** Your instructions **
Print each record below precisely, with every picture left out of the copy.

(Brief descriptive captions)
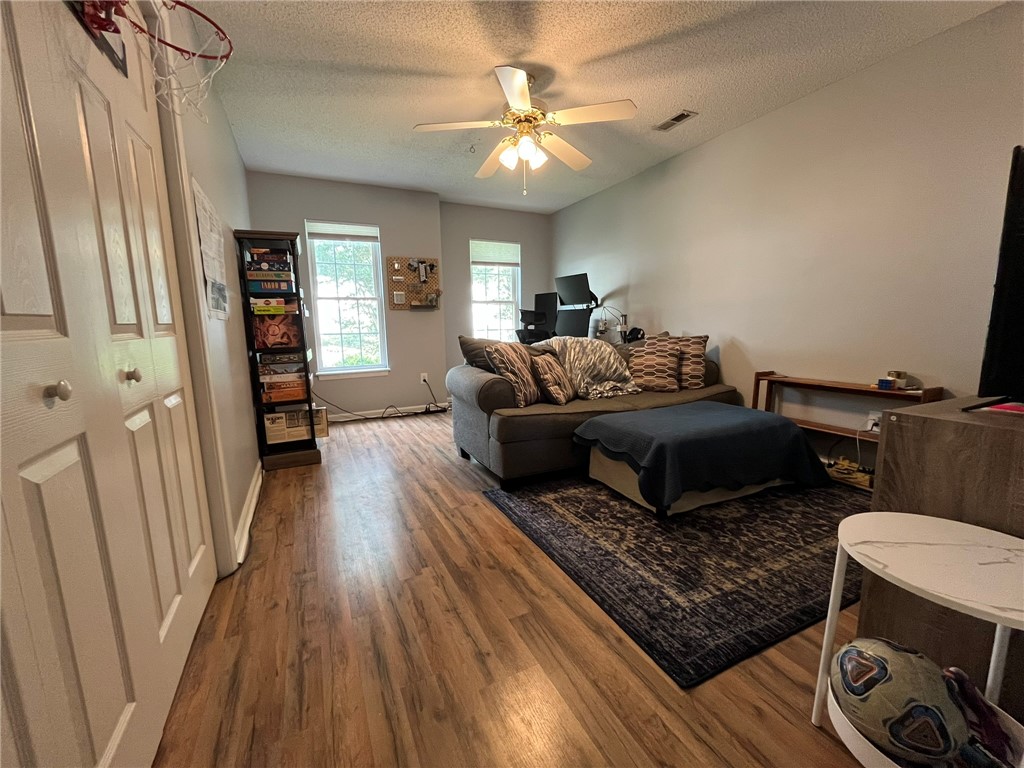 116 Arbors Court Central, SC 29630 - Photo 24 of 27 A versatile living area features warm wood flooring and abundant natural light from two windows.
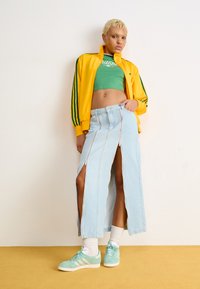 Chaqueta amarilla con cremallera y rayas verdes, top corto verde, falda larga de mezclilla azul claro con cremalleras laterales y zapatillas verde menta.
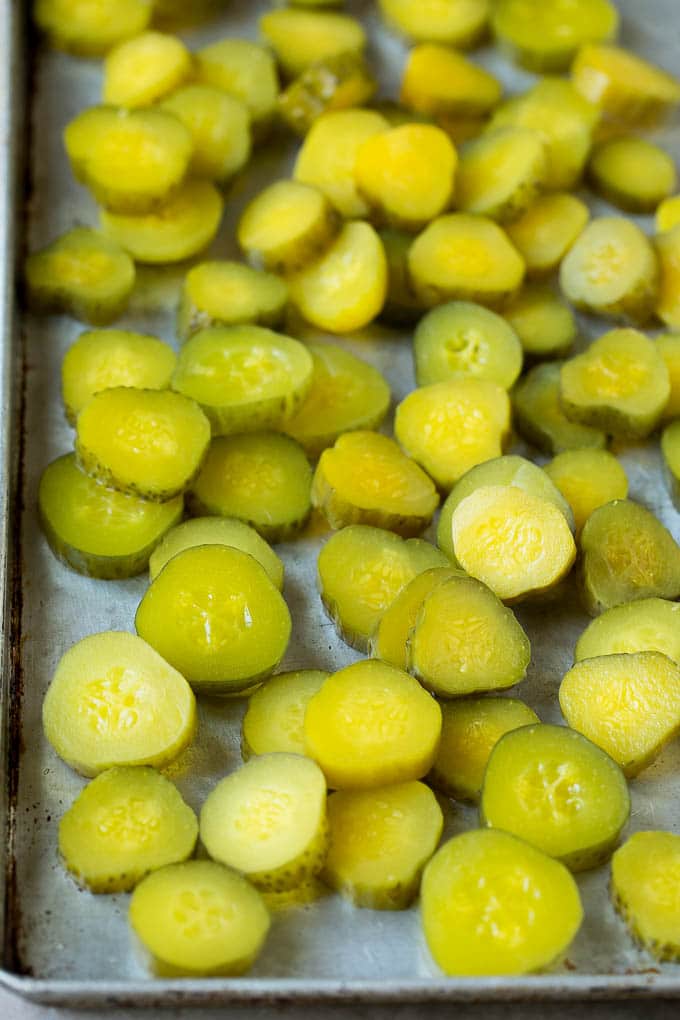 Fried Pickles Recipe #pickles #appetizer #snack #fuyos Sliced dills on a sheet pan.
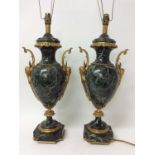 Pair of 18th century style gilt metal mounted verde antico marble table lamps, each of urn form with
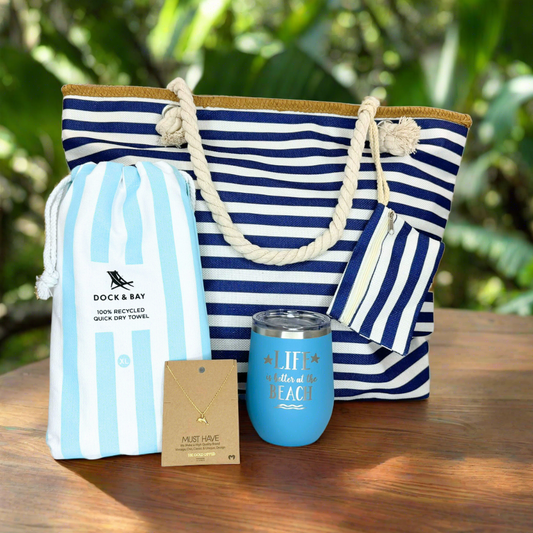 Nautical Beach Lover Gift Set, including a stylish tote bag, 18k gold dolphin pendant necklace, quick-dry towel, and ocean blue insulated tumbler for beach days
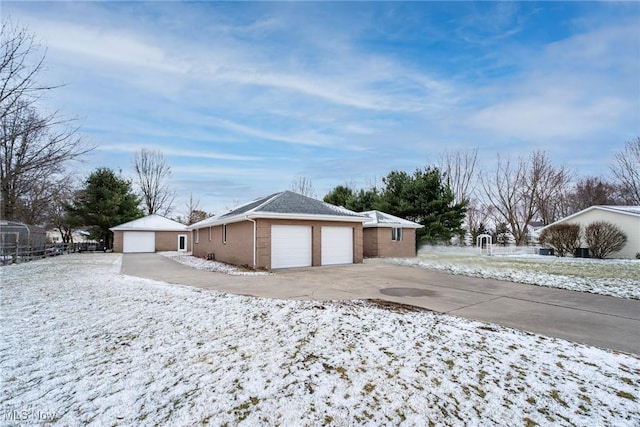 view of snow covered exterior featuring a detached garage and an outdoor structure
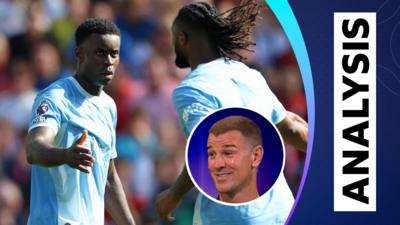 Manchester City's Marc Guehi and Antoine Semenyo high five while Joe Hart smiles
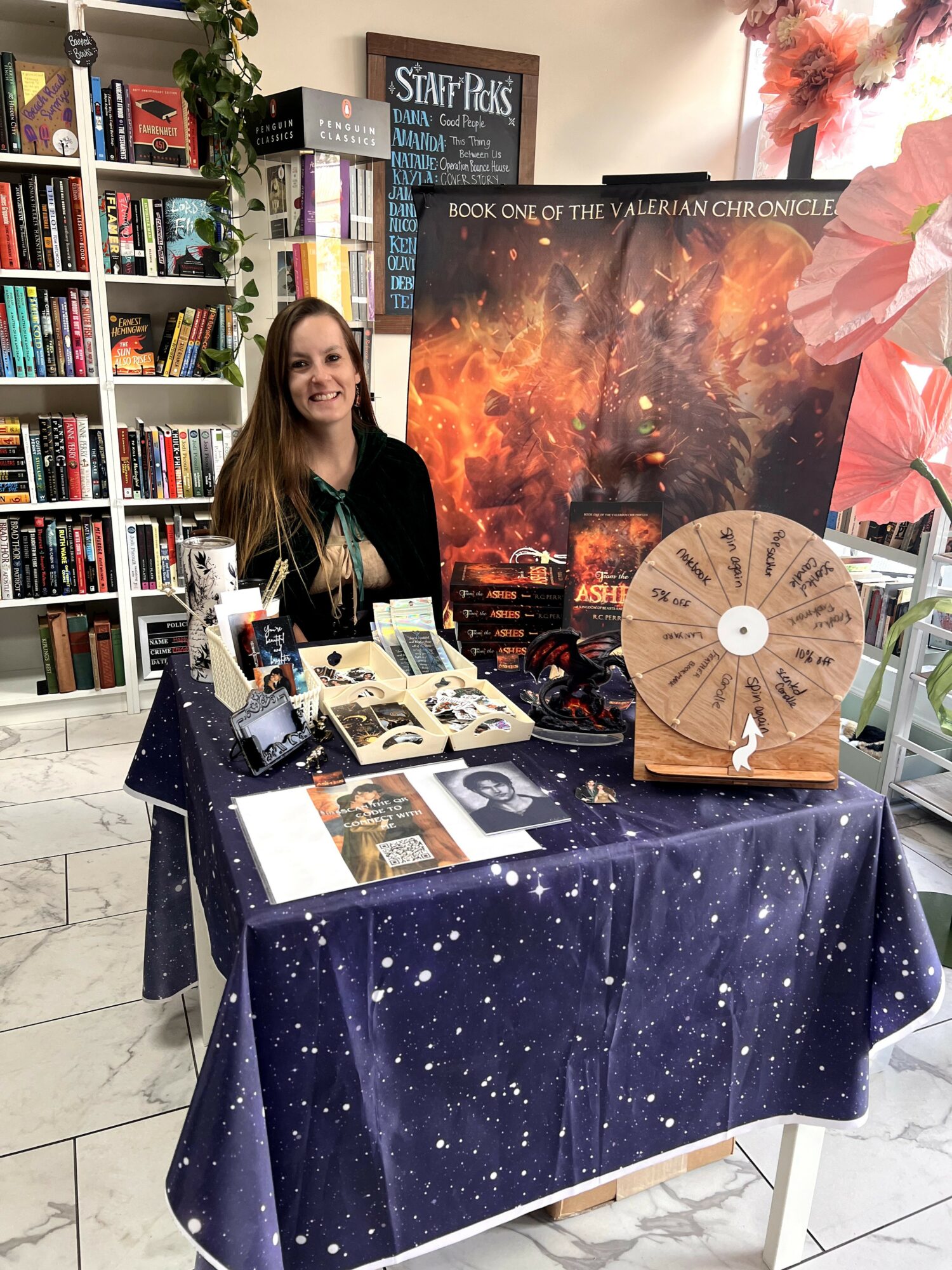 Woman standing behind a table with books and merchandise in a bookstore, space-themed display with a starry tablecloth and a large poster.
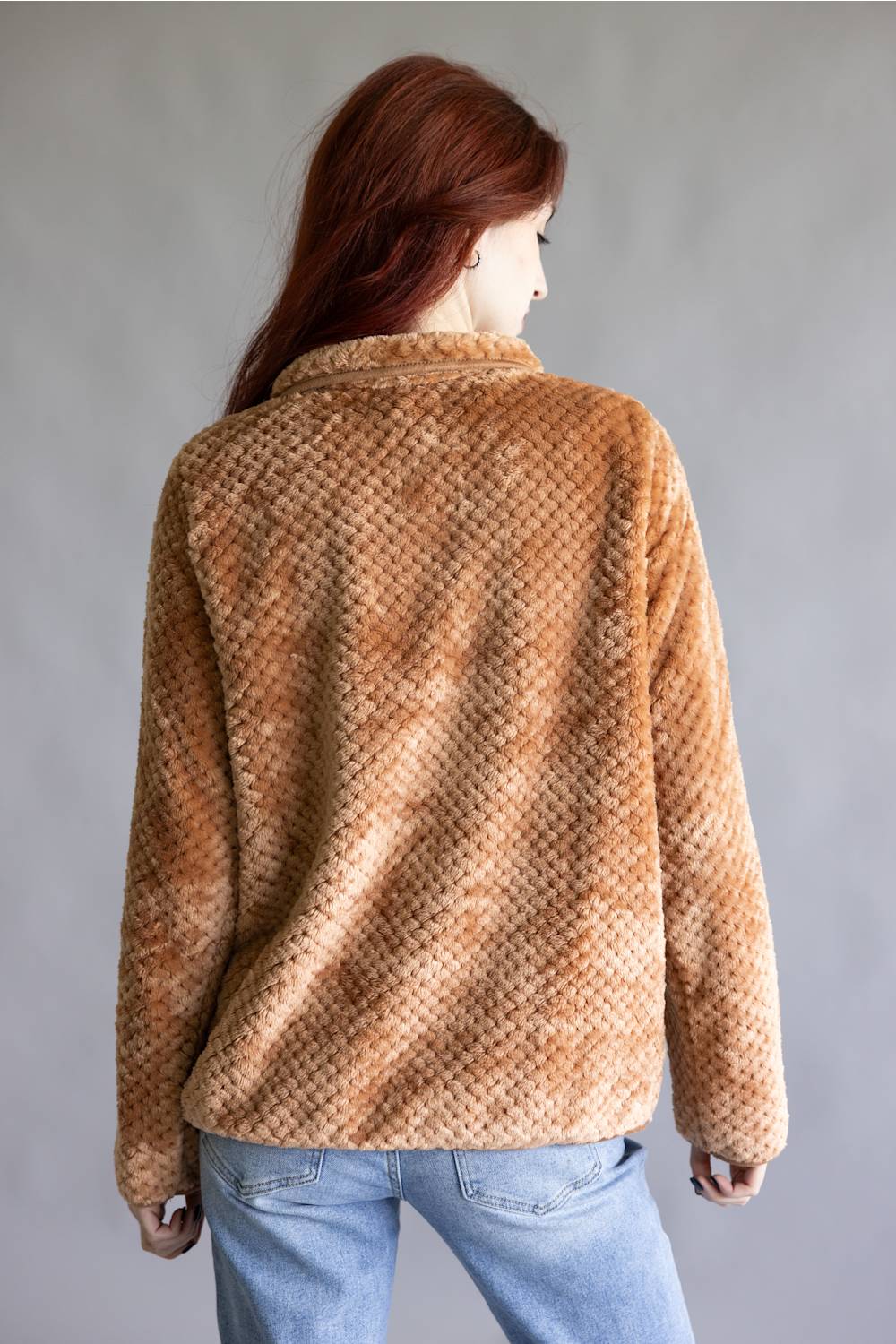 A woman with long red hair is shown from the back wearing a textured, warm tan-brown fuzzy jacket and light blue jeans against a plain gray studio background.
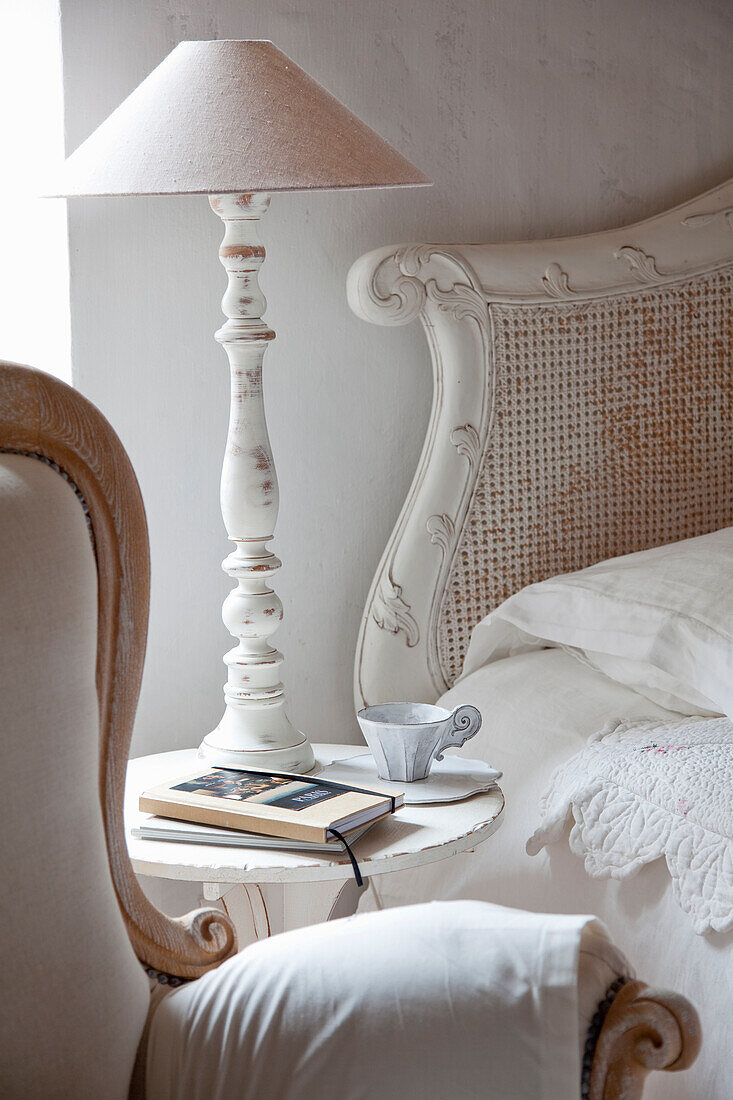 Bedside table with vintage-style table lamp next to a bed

** Written solution **
 116 Arbors Court Central, SC 29630 - Photo 24 of 27 A versatile living area features warm wood flooring and abundant natural light from two windows.
 Chaqueta amarilla con cremallera y rayas verdes, top corto verde, falda larga de mezclilla azul claro con cremalleras laterales y zapatillas verde menta.
 Fried Pickles Recipe #pickles #appetizer #snack #fuyos Sliced dills on a sheet pan.
 Pair of 18th century style gilt metal mounted verde antico marble table lamps, each of urn form with
 Nautical Beach Lover Gift Set, including a stylish tote bag, 18k gold dolphin pendant necklace, quick-dry towel, and ocean blue insulated tumbler for beach days
 view of snow covered exterior featuring a detached garage and an outdoor structure
 Manchester City's Marc Guehi and Antoine Semenyo high five while Joe Hart smiles
 Woman standing behind a table with books and merchandise in a bookstore, space-themed display with a starry tablecloth and a large poster.
 A woman with long red hair is shown from the back wearing a textured, warm tan-brown fuzzy jacket and light blue jeans against a plain gray studio background.
 Bedside table with vintage-style table lamp next to a bed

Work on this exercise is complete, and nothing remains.